Business risk exposure
The business of PT Duta Intidaya Tbk (the “Company”) has certain operational risks, which are beyond the Company’s control. The Company strives to continuously keep these risks under control by, among others:
- operating in guidance with the standard operating procedures that have been net and across the Company’s operations;
- ensuring and effective internal control system to safeguard the Company’s operations and assets; and
- requiring all employees to sign and adhere to an integrity pact.
Financial risk exposure
The Company’s activities expose it to a variety of internal financial risks, such as foreign exchange risk, interest rate risk, credit risk and liquidity risk. Therefore, Company’s overal risk management program is designed to mitipate the impact of the unpredictability of financial market and the potential adverse effects on the Company’s financial performance.
Foreign exchange risk
The Company is exposed to foreign exchange risk which is mainly from the purchase of merchandise. The Company monitors foreign exchange fluctuations and may hedge the exposure on the foreign currency fluctuation for known and committed transactions.
Interest rate risk
The Company is exposed to interest rate risk from the possible fluctuations of rates for interest-bearing liabilities. Interest rates for borrowings can fluctuate over the borrowing period. The treasury policy sets the guideline that the interest rate exposure shall be identified and minimised/neutralised promptly.

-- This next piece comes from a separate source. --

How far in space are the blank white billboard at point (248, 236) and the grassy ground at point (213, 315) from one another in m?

The Company is exposed to credit risk primarily from cash in bank and the credit exposures given to vendors in connection with claimable sales discount and incentive and revenue from promotional activities. The Company manages the credit risk by placing its deposit in highly reputable banks and by monitoring the receivable aging and entering into transactions with reputable vendors.

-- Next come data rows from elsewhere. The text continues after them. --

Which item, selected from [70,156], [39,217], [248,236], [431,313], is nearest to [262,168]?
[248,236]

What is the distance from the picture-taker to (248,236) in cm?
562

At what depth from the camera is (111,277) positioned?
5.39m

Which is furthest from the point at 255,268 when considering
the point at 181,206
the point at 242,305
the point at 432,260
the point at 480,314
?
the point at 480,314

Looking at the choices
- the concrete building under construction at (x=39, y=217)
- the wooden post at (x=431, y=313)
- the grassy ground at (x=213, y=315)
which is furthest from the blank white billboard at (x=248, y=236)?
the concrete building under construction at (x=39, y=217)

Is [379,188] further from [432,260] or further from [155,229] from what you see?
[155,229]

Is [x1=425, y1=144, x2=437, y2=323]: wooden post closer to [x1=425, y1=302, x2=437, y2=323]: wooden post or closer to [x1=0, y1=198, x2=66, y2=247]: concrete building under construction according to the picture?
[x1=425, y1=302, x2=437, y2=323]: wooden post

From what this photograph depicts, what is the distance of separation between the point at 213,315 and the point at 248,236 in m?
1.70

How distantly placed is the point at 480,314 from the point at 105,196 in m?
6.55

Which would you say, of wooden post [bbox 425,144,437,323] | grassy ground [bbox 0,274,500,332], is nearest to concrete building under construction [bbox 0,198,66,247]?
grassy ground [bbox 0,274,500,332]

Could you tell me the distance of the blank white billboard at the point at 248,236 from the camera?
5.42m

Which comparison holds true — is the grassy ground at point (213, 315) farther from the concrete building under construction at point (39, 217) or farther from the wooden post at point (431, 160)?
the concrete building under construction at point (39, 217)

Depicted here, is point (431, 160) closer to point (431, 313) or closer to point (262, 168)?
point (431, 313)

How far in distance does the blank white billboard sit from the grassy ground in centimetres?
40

Also, there is no concentration of credit risk as the company has a large number of vendors without any individually significant vendor. The Company believes the credit risk from credit cards receivables is not significant as they represent receivables from reputable banks and are generally settled within 2 (two) or 3 (three) days from the transaction date.
The maximum exposure to credit risk at the reporting date is the carrying value of each financial asset.

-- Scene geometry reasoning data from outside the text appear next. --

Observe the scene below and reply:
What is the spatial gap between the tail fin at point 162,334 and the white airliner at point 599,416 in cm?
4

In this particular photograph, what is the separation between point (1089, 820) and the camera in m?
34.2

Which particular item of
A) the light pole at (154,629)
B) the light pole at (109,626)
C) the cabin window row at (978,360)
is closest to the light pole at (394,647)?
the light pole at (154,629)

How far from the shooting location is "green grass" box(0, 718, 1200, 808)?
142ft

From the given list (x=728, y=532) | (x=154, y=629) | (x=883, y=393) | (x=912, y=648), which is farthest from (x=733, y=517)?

The Company manages its liquidity risk through regular monitoring of the projected and actual cash flows. The Company believes that the cash collection cycle enables it to meet its obligations when it falls due.
Capital risk exposure
The maintenance of sound capital structure is vital to the Company sustainability, the company’s capital management policy is desputed primarily to ensure. The Company’s ability to continue as a going concern in order to generate returns for the shareholders and benefits for other stakeholders.
To ensure a sound capital structure, the Company always takes into consideration in financial condition in paying dividends to the shareholders and issuing new shares for additional capital.
The Company periodically reviews and manages its capital structure to ensure an optimal capital structure and shareholder returns, taking into consideration future capital requirements and the capital efficiency of the Company, current and projected profitability, projected operating cash flows, projected capital expenditures, and projected strategic investment opportunities.